I think you can cherry-pick my three patches to your tree which contains
Stefano's patches. It's probably easier because Stefano's patches are
not yet in mainline while my patches should be able to apply to 3.16
mainline kernel without much effort.

I've rebased my patches on top of 3.16, in for-thomas2 branch.

Wei.

> > Wei.
> >
> >>
> >> > +           outer_inv_range(handle, handle + size);
> >> > +
> >> > +   dma_cache_maint(handle & PAGE_MASK, handle & ~PAGE_MASK, size, dir, dmac_unmap_area);
> >> > +}
> 
> 
> 
> -- 
> Dr Thomas Leonard        http://0install.net/
> GPG: 9242 9807 C985 3C07 44A6  8B9A AE07 8280 59A5 3CC1
> GPG: DA98 25AE CAD0 8975 7CDA  BD8E 0713 3F96 CA74 D8BA
Thomas Leonard Aug. 8, 2014, 4:01 p.m.
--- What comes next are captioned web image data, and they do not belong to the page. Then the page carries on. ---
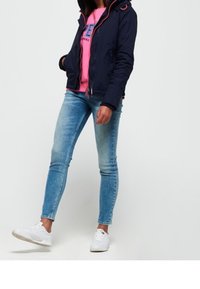 Superdry & Co Mezisezónní bunda  - royal blue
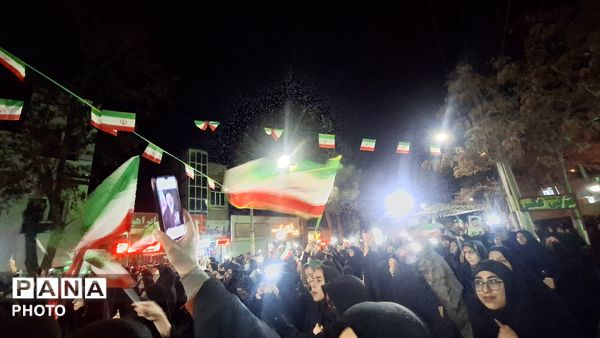 مردم پرشور شهرستان باخرز یکصدا در آخرین چهارشنبه سال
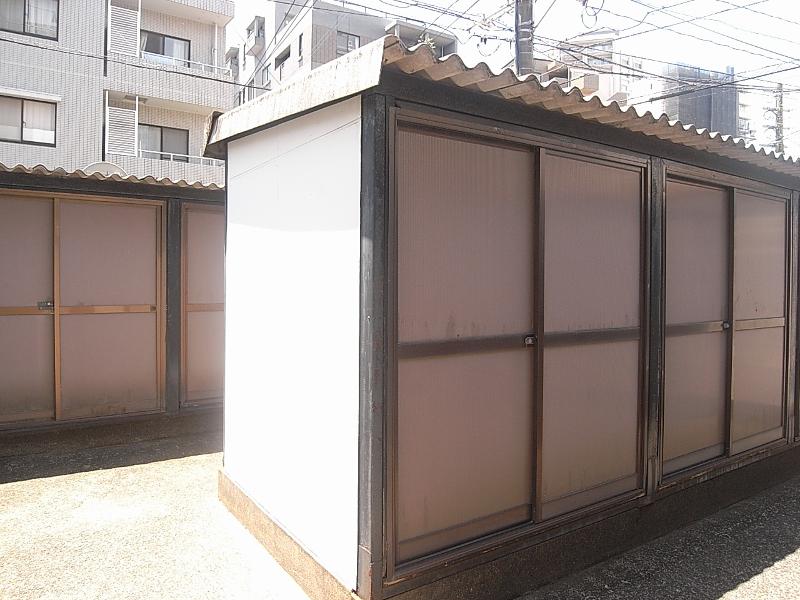 倉庫。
UTC | #5
On 8 August 2014 16:00, Wei Liu <wei.liu2@citrix.com> wrote:
> On Fri, Aug 08, 2014 at 03:49:26PM +0100, Thomas Leonard wrote:
>> On 8 August 2014 15:38, Wei Liu <wei.liu2@citrix.com> wrote:
>> > On Fri, Aug 08, 2014 at 03:32:41PM +0100, Stefano Stabellini wrote:
>> >> On Fri, 1 Aug 2014, Stefano Stabellini wrote:
>> >> > +static void __xen_dma_page_dev_to_cpu(struct device *hwdev, dma_addr_t handle,
>> >> > +           size_t size, enum dma_data_direction dir)
>> >> > +{
>> >> > +   /* Cannot use __dma_page_dev_to_cpu because we don't have a
>> >> > +    * struct page for handle */
>> >> > +
>> >> > +   if (dir == DMA_TO_DEVICE)
>> >>
>> >> This should be:
>> >>     if (dir != DMA_TO_DEVICE)
>> >>
>> >> Thomas, could you please confirm that with this small fix
>> >> http://pastebin.com/FPRf7pgL goes away?
>> >>
>> >
>> > Thomas, please try this fix with my ref-counting patch.
>> >
>> > The old "working" version might actually cover this latent bug due to
>> > it's long delay.
>>
>> I'm not sure how to apply this. The function
>> "__xen_dma_page_dev_to_cpu" doesn't appear in your "for-thomas"
>> branch. If you push the change to that branch I can test it.
>>
>
> I think you can cherry-pick my three patches to your tree which contains
> Stefano's patches. It's probably easier because Stefano's patches are
> not yet in mainline while my patches should be able to apply to 3.16
> mainline kernel without much effort.
>
> I've rebased my patches on top of 3.16, in for-thomas2 branch.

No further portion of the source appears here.